No room for the Holy Spirit.
Still, I wasn’t prepared for my own reaction when the first song came on.
One minute I was standing, and the next I was on my knees on the cold laminate floor, hands in the air. With tears streaming, I remembered.
I had forgotten how anointed music sounds, how it affects you. And once again, all those years were back. All those feelings washed over me and something broke apart in my heart. Something inside me broke and I don’t want to be cold and unbroken anymore. I had forgotten how it felt to lose track of time just praising God and it felt……..so……..good.
I remembered how it felt to want to run down in front of the church again, that feeling of surrender.
I remembered how we would lay hands on those around us if they had a need, and how the Spirit felt like waves across the church. Holy……Holy……Holy.
No one should ever leave the church still holding onto a burden, but so often we do just that because we aren’t given the option, or we don’t take it upon ourselves to seek it out.
Yesterday, I needed out of control praise in my own living room. We have had to be too much in control too long, and it was time to let go. I needed the kind of praise I imagine the woman gave Jesus, the one caught in adultery. I imagine how she felt as she waited for the first stone to strike. Wondering how long it would take to die that way.
I imagine her relief as she heard a thud in the dirt instead and then a gentle hand on her shoulder, and an even gentler voice.
I really don’t think as He helped her up she just shook His hand and said, thank you Sir.
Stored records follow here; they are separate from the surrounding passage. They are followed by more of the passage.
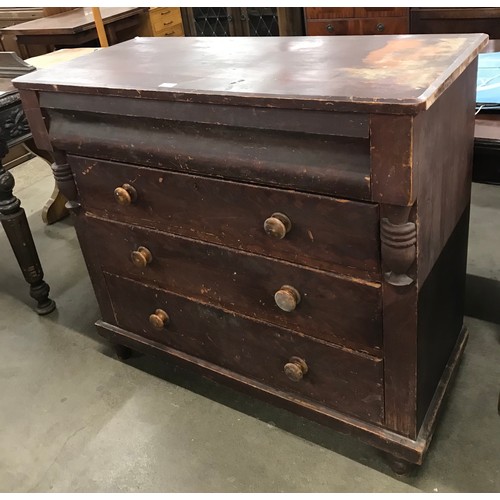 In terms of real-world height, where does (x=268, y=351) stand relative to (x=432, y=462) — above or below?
above

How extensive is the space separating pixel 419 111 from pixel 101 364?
1.32 metres

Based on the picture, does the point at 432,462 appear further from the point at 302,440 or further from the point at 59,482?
the point at 59,482

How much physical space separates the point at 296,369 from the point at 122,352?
70cm

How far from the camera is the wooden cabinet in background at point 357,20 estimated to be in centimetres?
291

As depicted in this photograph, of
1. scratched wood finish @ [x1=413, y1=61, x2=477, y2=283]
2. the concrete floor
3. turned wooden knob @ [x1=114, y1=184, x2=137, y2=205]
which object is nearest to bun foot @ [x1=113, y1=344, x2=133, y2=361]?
the concrete floor

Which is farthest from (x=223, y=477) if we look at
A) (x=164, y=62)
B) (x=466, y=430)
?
(x=164, y=62)

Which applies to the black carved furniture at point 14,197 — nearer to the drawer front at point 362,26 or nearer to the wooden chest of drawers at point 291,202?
the wooden chest of drawers at point 291,202

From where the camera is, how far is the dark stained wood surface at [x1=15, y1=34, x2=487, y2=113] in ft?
3.10

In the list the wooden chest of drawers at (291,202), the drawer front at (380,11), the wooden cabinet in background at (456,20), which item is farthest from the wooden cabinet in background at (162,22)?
the wooden chest of drawers at (291,202)

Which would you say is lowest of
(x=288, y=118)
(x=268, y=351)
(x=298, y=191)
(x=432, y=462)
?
(x=432, y=462)

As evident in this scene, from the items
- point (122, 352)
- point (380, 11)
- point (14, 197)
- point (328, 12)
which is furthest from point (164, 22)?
point (122, 352)

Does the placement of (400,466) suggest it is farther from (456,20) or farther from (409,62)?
(456,20)

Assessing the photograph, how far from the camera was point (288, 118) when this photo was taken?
100cm

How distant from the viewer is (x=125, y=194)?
4.39 feet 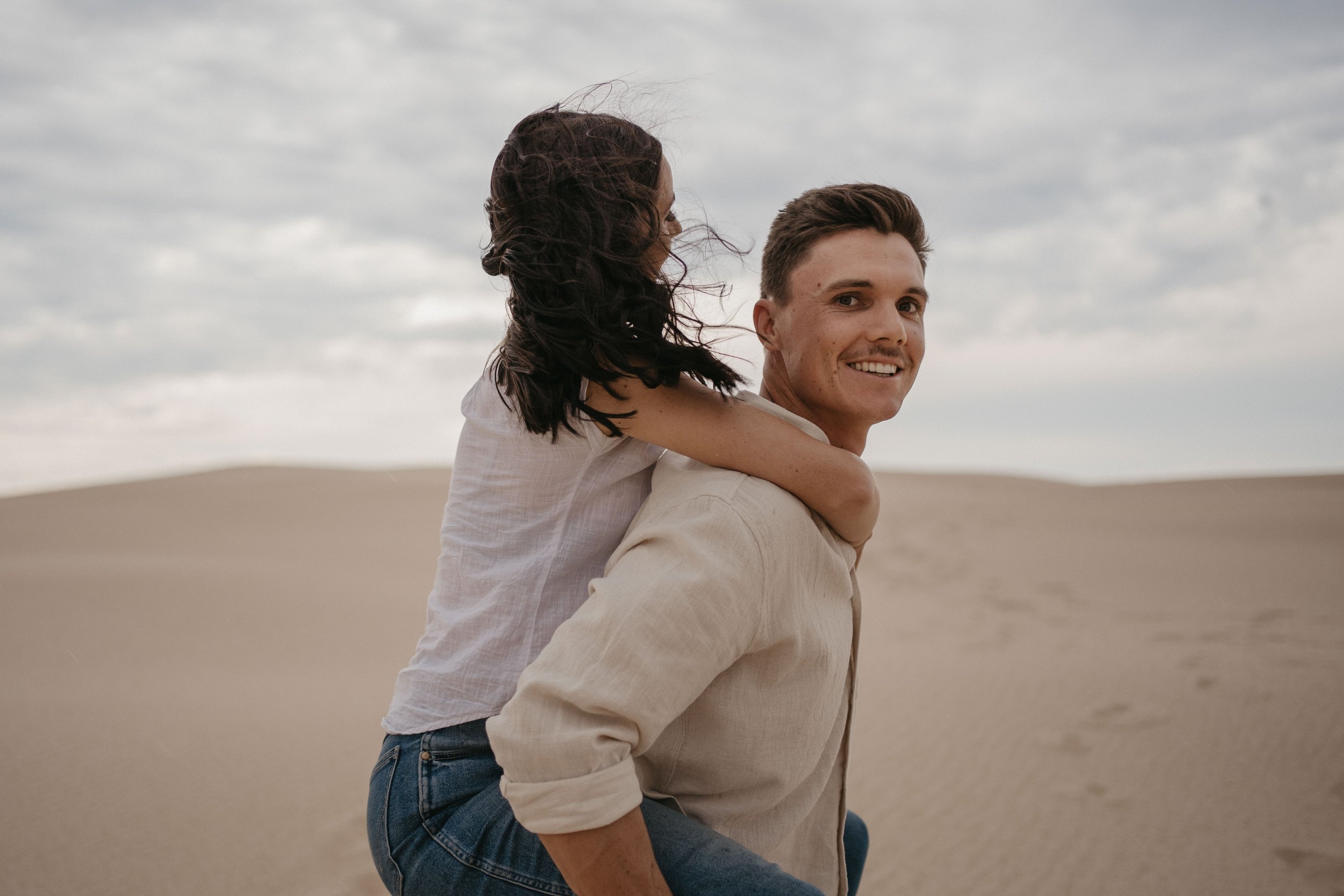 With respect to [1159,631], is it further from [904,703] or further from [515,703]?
[515,703]

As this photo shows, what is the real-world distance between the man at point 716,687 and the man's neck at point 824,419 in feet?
0.17

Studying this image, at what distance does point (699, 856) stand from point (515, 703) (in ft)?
1.34

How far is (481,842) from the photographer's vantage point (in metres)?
1.62

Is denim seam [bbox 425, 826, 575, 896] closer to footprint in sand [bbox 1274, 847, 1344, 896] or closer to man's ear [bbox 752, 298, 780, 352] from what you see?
man's ear [bbox 752, 298, 780, 352]

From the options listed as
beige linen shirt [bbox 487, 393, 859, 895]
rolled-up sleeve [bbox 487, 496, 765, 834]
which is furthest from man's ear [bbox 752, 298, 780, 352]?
rolled-up sleeve [bbox 487, 496, 765, 834]

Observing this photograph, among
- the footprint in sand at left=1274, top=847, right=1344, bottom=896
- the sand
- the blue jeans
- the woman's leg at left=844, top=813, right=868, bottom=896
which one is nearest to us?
the blue jeans

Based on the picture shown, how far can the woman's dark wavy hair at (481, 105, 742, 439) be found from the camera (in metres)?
1.66

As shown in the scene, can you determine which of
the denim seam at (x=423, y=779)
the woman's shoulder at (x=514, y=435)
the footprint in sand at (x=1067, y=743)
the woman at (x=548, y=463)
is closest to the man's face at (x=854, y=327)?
the woman at (x=548, y=463)

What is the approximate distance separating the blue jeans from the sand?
414cm

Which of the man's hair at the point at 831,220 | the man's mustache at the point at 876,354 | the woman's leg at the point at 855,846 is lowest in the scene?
the woman's leg at the point at 855,846

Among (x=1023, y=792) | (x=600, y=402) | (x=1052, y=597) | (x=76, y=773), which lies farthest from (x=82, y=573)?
(x=600, y=402)

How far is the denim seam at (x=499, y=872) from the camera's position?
5.20 ft

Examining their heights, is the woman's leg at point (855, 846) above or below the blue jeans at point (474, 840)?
below

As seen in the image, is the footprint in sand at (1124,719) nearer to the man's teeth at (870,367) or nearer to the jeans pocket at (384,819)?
the man's teeth at (870,367) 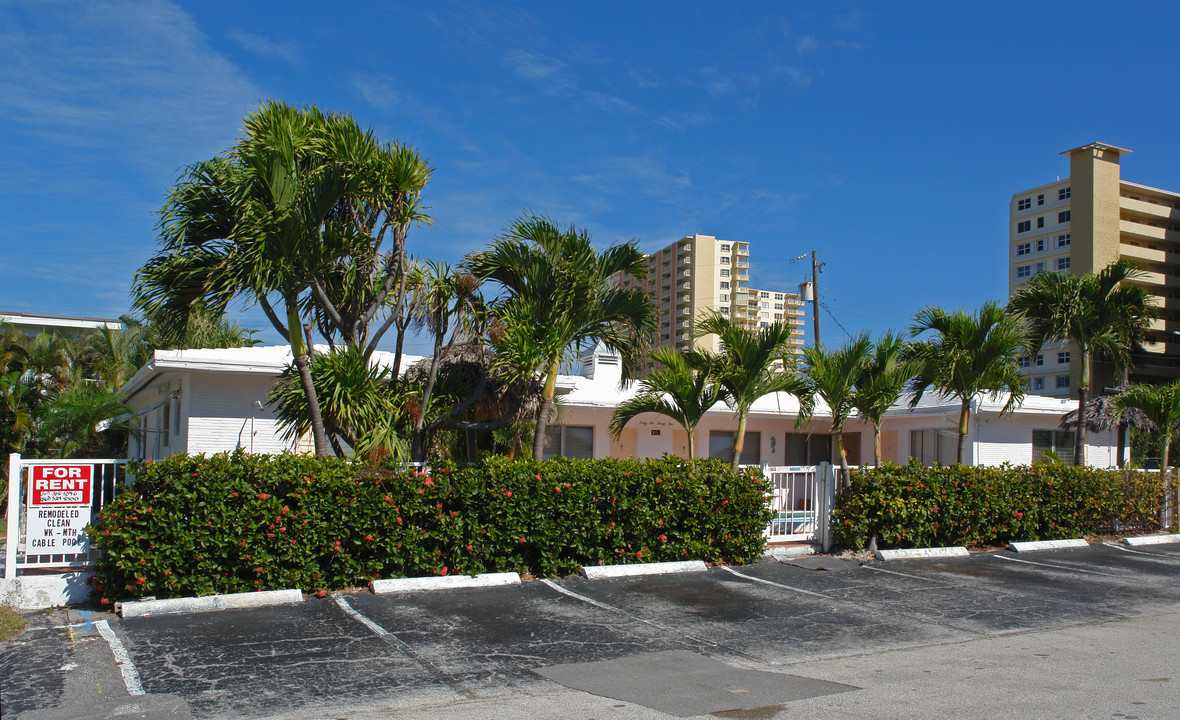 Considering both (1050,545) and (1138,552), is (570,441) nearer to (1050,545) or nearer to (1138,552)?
(1050,545)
I think she fell back to the ground and worshipped at His feet. I imagine she slobbered and wiped her tears and clutched at His robe that was dragging in the dust. I have a feeling she cried and prayed loud sobbing wet tears and wiped her nose on the hem of His garment.
And then maybe He helped her up again and smiled and gave her a rag to wipe her nose. And then I think she might have done a crazy dance like King David did all the way home, waving her hands in the air as her heart tasted forgiveness for the very first time.
I did both of those things in my living room yesterday morning, and it felt good. I want this rock inside me to break apart and stay apart. I want to throw the fish in the pan and let it cook itself and stay here forever like Mary, choosing the better part.
I realize we can’t always walk around a broken up mess, but I wonder why I don’t much more often.
Thank you, Lord. Your timing is perfect as usual.